To: Multiple recipients of list <vnsa-l@csd.uwm.edu>
Subject: Re: Two-envelope problem
From: Tuan V Nguyen <t.nguyen@garvan.unsw.edu.au>
Date: Mon, 21 Apr 1997 17:50:42 -0500 (CDT)
Reply-To: vnsa-l@csd.uwm.edu
Sender: vnsa-l@csd.uwm.edu

Hello folks, 

	I have been waiting for further discussions from math 
gurus on the two-envelope problem, but they seem quiet 
lately. Let me now now summarise and put my view on this 
interesting problem. 

	The original problem is:

>        There are two envelopes containing money. One 
>envelope contains twice as much as the other, however since the 
>envelopes look identical you cannot tell one apart from the 
>other.
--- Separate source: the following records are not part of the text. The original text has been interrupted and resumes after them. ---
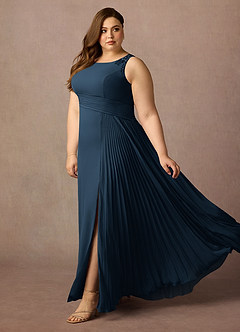 Azazie Galvan At-home Try On Dresses Dark Navy A-Line Sequins Chiffon Dress image8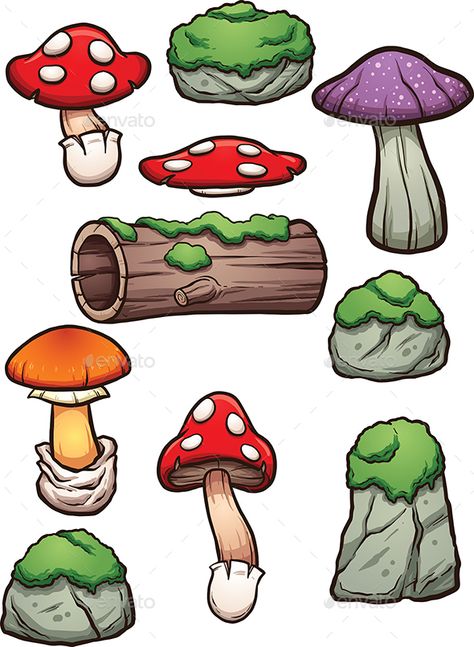 Cartoon mossy rocks and mushrooms. Vector clip art illustration with simple gradients. Each on a separate layer. EPS10 file includ Forest Items, Cartoon Items, Log Drawing Easy, Drawing Moss, Mushroom Illustration Art, Forest Elements, Cute Fungi Drawing, Mushroom Nature Drawing, How To Draw Moss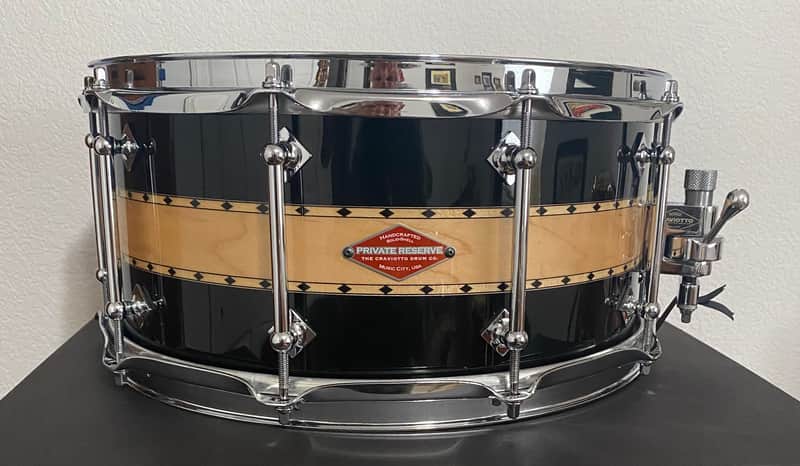 Craviotto Private Reserve 6.5 X 14 Maple Snare Drum 2023 Gloss  Lacquer Piano Black/Natural/Piano Black with Dual Maple Inlay One Board Steam Bent. Unplayed New Condition image 1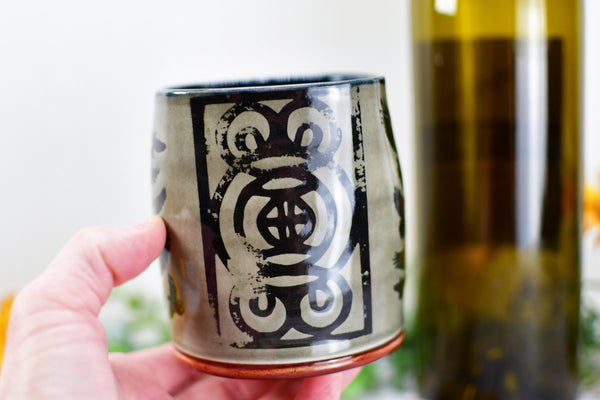 Handmade Raven Bird Tumbler Cup - Gothic Ceramic Bird Lover Gift, Nature Inspired Pottery for Whiskey or Wine, A Murder of Ravens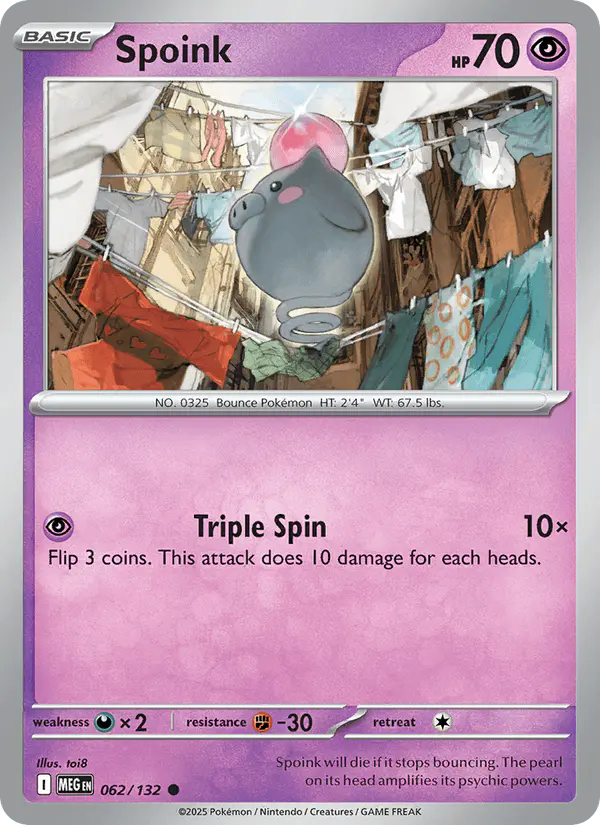 Carta Spoink 062/132 de Mega Evolution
You choose one envelope and you see that it contains 
>$100. Is it better to keep the $100 or choose the other 
>envelope?

	Firstly, Dung used the expected value concept to work 
out that the expected value of the 2nd envelope is higher 
than the first (selected) one, hence it would be wise to 
take the risk. Then, Ha Anh Vu disagreed, saying that the 
idea of expectation can not be applied here since it 
assumes infinite repeated selection, which is not possible 
in this case. Paul Pham then commented that "choose other 
one because if you're to lose, you lose 50, otherwise you 
win 100". I think Paul's reasoning is too simplistic; well, 
you can lose up to $100, not $50.

	I have difficulty with the application of expected 
value concept in this problem as well. In fact, if you 
apply this concept, then regardless of what the value in 
the first envelope (say X1), then the second one would be 
1.25*X1. Although the mathematics is correct, it does not 
make sense to me. 

	So why? I think while the problem is stated in terms 
of ratios of amounts, if one re-stated the question in an 
arithmetic form, then intuition and expectatioon would co-
incide, i.e. instead of saying that one envelope contained 
*twice as much* as the other, one would say that, say, one 
envelope contained *$50 more* than the other.  Hence, if 
there was X1 in the first envelope, then the expectation 
for the second would be:

   E(X2) = 0.5(X1 - 50) + 0.5(X1 + 50) = X1

which would make sense.

	Any further comment? What about Bayes' theorem? 


	Tuan

	


At 12:42 AM 4/18/97 -0500, Dung Trong Nguyen wrote:
>1) The expectation value of keeping the $100
>
>	1 x $100 = $100
>
>2) The expectation value of choosing the other
>
>	1/2 x $50 + 1/2 x $200 = $125
>
>So it is better to take the risk.
>
>d~
>

At 01:06 AM 4/18/97 -0500, Ha Anh Vu wrote:
>I would disagree with this solution. This problem is a classical paradox
>in statistical decision theory, often being stated to fool novices.  The
>punchline is that if you follow this line of reasoning (meaning willing
>to exchange the envelopes), then you would deem it wise to exchange the
>envelopes one more time and indeed, exchange the envelopes infinitely
>many times, an apparent antinomy!


At 04:56 PM 4/20/97 -0500, Paul Pham wrote:
>choose other one because if you're to lose, you lose
>50, otherwise you win 100.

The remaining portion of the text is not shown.